Maria Magdalena Chapel by Sacher Locicero Architectes
Sacher LoCicero Architects have designed the Maria Magdalena Chapel, a small private place for contemplation, family ceremonies and festivities. The spectacular sculptural object made of white concrete sits on the edge of a vineyard in Zollfeld, Austria.
From the architect:
“The family chapel Maria Magdalena by the architect Gerhard Sacher is a spectacular sculptural object made of white concrete ( SCC „self compacting concrete“). The constructers have proved a great portion of heart, trust and deep understanding for architecture in having created this project of an exceptional, timeless spaciousness, in which family ceremonies and festivities take place and where tranquillity, contemplation and remembering can be experienced in a unique setup.
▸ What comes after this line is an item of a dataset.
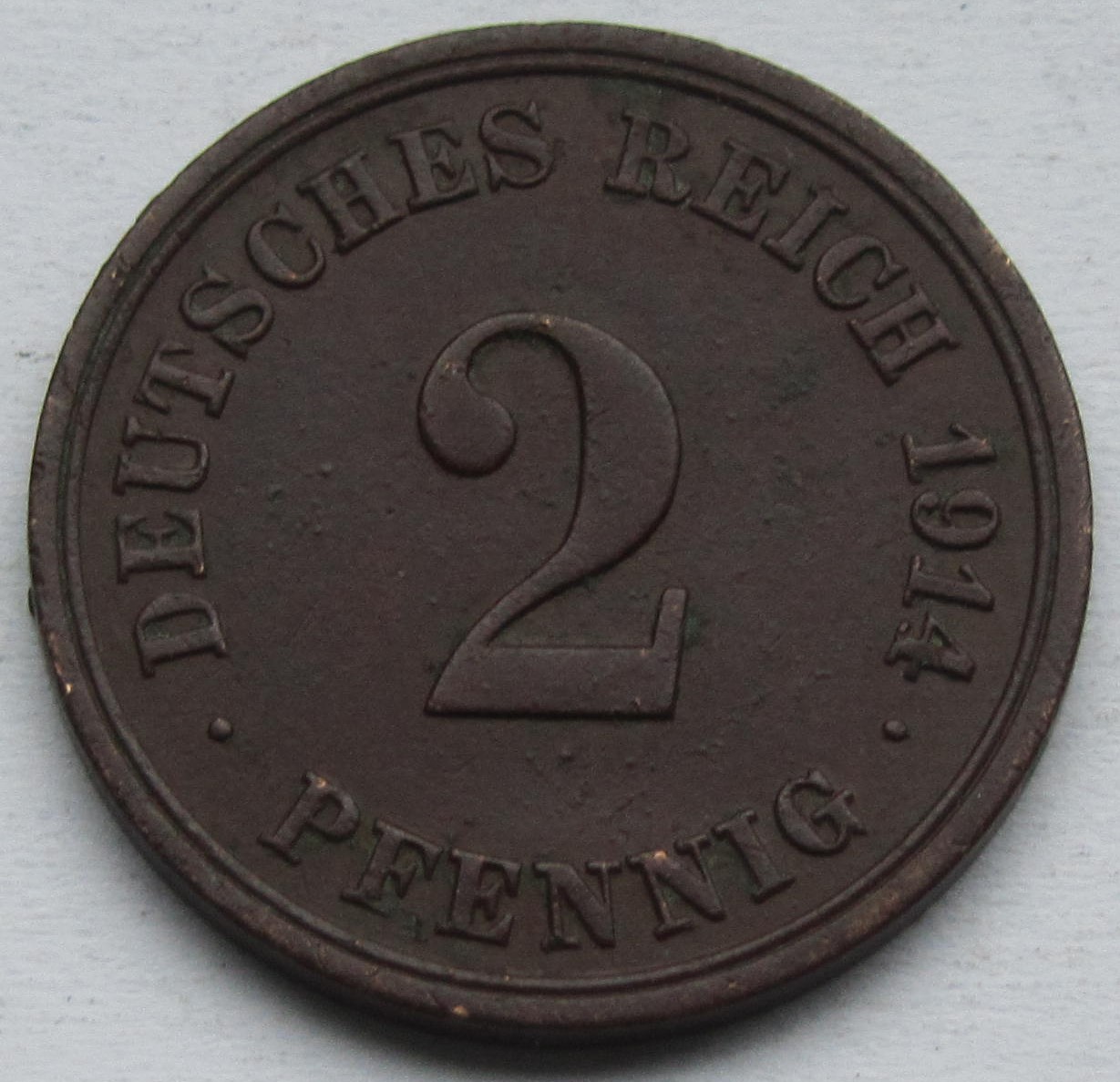  Kaiserreich: 2 Pfennig 1914 F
In a sighting distance to the Magdalensberg hill and the Hochosterwitz castle, the piece of architecture represents a modern landmark as an expressive symbol of an artless form language.
You can´t pass the sculpture made of white concrete (SCC) without being impressed. It stands there as an erected finger in the landscape of gentle hill locks of Zollfeld, Carinthia, in the midst of a young vineyard. The glowing white of the concrete is so perfect, the architecture so harmoniously unadorned, and the location is so spectacular in the landscape pregnant with history – Zollfeld, the fertile plain with long cultural and historical tradition, lies between the Magdalensberg hill with its pilgrimage church on top in the southeast, andthe Hochosterwitz castle majestically sitting on a rock cone for over a thousand years, in the north. If you stroll by, you will fall for the radiant white of the modern landmark and for its simple form language even if you are the most convinced agnostic.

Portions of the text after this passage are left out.